**Records supplied:**
◇ ◇ ◇ ◇ ◇ ◇ ◇

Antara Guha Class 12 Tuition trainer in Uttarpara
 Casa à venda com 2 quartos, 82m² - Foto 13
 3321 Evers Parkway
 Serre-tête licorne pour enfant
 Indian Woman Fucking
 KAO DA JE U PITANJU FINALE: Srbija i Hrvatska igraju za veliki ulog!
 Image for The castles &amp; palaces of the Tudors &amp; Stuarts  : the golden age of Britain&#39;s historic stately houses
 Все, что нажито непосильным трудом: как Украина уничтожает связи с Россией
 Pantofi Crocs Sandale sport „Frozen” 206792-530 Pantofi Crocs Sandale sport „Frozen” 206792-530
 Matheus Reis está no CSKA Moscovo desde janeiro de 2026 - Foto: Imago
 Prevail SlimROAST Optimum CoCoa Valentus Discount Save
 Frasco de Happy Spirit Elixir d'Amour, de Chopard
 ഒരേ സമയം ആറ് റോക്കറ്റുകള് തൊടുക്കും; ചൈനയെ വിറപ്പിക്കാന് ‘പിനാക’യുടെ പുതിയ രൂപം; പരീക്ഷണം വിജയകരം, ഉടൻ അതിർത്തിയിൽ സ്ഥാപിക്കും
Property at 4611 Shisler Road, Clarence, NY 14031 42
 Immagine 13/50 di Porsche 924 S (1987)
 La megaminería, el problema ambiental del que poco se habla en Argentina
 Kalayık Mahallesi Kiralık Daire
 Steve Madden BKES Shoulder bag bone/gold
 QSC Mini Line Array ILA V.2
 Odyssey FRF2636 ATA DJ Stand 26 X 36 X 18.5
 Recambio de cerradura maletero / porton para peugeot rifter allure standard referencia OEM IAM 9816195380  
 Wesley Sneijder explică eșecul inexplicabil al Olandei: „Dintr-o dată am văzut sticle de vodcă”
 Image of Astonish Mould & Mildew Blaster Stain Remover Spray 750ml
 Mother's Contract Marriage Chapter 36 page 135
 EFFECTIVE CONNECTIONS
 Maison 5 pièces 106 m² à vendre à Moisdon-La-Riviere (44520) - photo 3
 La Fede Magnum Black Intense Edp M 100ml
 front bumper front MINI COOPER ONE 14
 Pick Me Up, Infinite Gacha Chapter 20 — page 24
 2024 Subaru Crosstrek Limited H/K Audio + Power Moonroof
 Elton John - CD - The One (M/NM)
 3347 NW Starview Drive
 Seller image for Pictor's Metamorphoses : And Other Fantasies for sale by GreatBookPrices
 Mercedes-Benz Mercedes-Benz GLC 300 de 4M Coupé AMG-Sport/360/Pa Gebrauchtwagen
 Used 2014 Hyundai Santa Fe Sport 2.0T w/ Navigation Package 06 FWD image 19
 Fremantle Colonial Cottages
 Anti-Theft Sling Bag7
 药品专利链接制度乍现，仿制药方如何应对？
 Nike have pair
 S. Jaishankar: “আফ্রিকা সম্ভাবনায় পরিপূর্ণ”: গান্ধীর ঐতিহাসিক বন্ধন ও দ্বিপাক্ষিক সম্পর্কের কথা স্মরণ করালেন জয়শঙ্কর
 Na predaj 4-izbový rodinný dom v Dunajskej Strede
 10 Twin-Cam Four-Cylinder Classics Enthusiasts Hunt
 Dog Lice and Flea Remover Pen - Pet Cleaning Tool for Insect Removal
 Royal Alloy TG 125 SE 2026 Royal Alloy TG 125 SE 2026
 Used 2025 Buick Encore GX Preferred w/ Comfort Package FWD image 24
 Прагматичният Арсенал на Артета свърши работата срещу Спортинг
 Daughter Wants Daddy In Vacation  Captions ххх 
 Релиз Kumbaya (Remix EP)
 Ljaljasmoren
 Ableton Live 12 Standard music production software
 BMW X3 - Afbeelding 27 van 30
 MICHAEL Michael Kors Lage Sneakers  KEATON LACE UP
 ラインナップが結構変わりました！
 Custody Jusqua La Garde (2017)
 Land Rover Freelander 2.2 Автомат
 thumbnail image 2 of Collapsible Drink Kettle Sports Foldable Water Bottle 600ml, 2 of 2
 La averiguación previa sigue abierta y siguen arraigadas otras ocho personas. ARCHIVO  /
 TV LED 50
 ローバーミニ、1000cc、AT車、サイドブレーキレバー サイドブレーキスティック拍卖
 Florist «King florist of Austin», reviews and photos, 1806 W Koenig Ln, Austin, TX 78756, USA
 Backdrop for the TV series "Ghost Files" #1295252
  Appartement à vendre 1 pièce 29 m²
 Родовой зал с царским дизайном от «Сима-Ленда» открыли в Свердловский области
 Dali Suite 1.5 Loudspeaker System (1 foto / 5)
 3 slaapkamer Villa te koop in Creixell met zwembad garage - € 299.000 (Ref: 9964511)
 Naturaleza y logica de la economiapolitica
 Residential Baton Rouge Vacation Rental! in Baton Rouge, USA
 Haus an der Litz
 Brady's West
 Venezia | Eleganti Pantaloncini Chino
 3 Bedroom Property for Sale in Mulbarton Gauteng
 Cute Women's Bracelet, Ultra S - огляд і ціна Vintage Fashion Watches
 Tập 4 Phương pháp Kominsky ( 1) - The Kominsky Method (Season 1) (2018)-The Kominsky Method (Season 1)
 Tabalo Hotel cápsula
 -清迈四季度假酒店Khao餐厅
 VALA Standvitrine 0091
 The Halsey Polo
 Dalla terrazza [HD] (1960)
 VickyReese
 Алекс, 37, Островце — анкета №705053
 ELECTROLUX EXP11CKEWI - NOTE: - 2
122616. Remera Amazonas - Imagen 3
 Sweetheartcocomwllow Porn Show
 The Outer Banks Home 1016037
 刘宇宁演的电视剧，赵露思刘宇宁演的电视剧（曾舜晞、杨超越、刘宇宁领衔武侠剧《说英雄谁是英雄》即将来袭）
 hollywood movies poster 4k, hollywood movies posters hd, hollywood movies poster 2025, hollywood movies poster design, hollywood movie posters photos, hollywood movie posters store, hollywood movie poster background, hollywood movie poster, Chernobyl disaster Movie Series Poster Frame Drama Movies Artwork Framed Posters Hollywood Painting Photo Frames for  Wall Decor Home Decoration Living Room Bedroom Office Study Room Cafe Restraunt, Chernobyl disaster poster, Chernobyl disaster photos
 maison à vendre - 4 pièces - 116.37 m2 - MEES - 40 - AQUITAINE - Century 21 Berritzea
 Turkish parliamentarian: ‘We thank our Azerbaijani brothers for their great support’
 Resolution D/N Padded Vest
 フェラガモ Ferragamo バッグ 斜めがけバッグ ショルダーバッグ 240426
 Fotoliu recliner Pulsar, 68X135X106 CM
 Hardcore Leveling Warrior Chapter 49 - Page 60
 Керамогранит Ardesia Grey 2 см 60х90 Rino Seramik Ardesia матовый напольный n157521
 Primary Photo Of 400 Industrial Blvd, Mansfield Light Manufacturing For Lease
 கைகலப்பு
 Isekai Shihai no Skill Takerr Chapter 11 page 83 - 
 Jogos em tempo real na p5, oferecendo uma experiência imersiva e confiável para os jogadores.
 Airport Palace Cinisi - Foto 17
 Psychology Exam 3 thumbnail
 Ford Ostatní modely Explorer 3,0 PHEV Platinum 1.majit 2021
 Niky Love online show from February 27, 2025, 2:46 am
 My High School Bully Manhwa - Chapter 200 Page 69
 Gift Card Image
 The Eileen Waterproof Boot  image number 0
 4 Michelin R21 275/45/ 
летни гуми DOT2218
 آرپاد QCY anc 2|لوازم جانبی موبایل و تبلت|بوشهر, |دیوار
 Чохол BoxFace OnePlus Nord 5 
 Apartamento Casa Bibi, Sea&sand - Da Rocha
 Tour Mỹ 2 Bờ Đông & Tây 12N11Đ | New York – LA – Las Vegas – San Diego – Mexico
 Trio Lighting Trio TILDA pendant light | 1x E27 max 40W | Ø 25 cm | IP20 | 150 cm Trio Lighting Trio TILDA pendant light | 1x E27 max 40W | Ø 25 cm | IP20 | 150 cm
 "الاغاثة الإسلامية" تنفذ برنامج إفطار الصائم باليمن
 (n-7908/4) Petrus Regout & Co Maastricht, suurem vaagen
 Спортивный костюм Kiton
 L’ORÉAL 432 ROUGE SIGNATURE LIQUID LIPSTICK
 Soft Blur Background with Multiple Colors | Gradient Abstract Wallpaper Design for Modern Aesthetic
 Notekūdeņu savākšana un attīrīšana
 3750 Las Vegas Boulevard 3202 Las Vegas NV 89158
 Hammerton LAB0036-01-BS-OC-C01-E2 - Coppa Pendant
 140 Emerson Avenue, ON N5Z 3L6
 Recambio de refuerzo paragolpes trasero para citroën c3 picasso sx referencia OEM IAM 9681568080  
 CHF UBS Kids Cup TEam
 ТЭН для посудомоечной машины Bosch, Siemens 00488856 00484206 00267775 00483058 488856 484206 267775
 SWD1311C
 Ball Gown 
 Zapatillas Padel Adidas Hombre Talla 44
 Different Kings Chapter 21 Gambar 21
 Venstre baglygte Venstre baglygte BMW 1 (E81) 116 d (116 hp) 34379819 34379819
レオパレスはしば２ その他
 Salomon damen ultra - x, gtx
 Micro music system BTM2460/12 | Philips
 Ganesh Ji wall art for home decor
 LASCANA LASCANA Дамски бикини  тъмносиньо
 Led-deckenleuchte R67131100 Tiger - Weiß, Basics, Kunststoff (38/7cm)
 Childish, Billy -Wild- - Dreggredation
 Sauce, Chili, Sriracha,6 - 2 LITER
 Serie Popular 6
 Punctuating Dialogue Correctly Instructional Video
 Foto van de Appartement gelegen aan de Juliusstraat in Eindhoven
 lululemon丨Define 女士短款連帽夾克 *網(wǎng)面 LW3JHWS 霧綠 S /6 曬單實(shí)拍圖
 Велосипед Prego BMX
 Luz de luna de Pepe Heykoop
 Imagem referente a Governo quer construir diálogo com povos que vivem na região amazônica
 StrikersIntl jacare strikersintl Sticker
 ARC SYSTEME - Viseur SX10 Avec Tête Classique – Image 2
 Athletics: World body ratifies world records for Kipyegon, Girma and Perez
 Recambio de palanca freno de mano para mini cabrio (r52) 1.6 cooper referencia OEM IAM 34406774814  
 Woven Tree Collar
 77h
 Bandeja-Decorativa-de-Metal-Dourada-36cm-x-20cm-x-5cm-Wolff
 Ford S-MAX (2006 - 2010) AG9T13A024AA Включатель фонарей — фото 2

◇ ◇ ◇ ◇ ◇ ◇ ◇

Please transcribe the records exactly from their first line through the line holding "Frasco de Happy", and leave out all others.

**Expected answer:**
Antara Guha Class 12 Tuition trainer in Uttarpara
 Casa à venda com 2 quartos, 82m² - Foto 13
 3321 Evers Parkway
 Serre-tête licorne pour enfant
 Indian Woman Fucking
 KAO DA JE U PITANJU FINALE: Srbija i Hrvatska igraju za veliki ulog!
 Image for The castles &amp; palaces of the Tudors &amp; Stuarts  : the golden age of Britain&#39;s historic stately houses
 Все, что нажито непосильным трудом: как Украина уничтожает связи с Россией
 Pantofi Crocs Sandale sport „Frozen” 206792-530 Pantofi Crocs Sandale sport „Frozen” 206792-530
 Matheus Reis está no CSKA Moscovo desde janeiro de 2026 - Foto: Imago
 Prevail SlimROAST Optimum CoCoa Valentus Discount Save
 Frasco de Happy Spirit Elixir d'Amour, de Chopard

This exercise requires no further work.